If fully implemented, the CETA would lead to the creation of a new, exclusive "trade court” which would replace the existing investor-state dispute settlement (ISDS) system. This new system has been criticised by legal experts because it retains many of the key features of ISDS. The last minute ‘compromise’ recognises this by allowing Belgium to go to the European court of justice to determine whether the new tribunals are compatible with EU law.
Another concession gained by Wallonia is a ‘general safeguard clause’ allowing regional entities to withdraw their country from the CETA, and there is additional protection for farmers who are hurt by Canadian competition.

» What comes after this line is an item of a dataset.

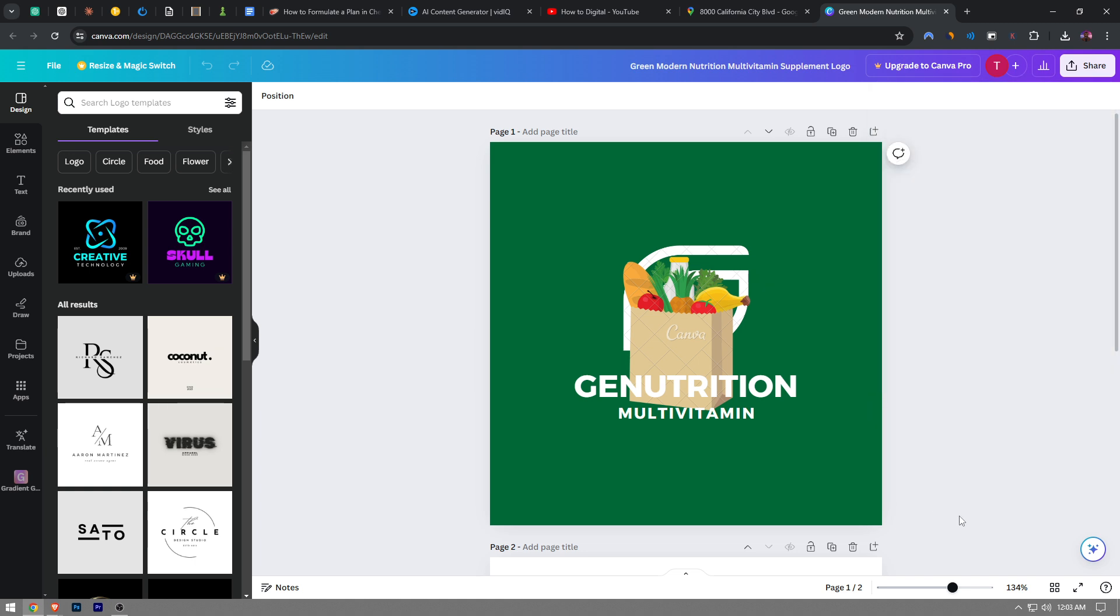That's pretty much it. So this is how you save your file in Canva, guys. Like the video and subscribe to the channel if you found this video helpful.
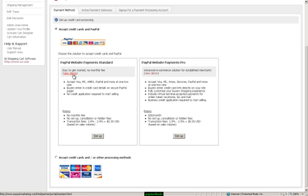If you do not wish to have PayPal, but just want to accept credit cards and possibly other processing methods, you'll click this button here.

Opposition to the deal continues. UN human rights expert Alfred de Zayas said the CETA is a "corporate-driven, fundamentally flawed treaty” and called for a referendum in each country concerned.
“The danger of CETA and TTIP being signed and one day entering into force is so serious that every stakeholder, especially parliamentarians from EU Member States, should now be given the opportunity to articulate the pros and cons. The corporate-driven agenda gravely endangers labour, health and other social legislation, and there is no justification to fast-track it” Mr. de Zayas said.
Although the agreement has been signed it must still be ratified by around 40 national and regional parliaments in Europe before it is fully entered into force.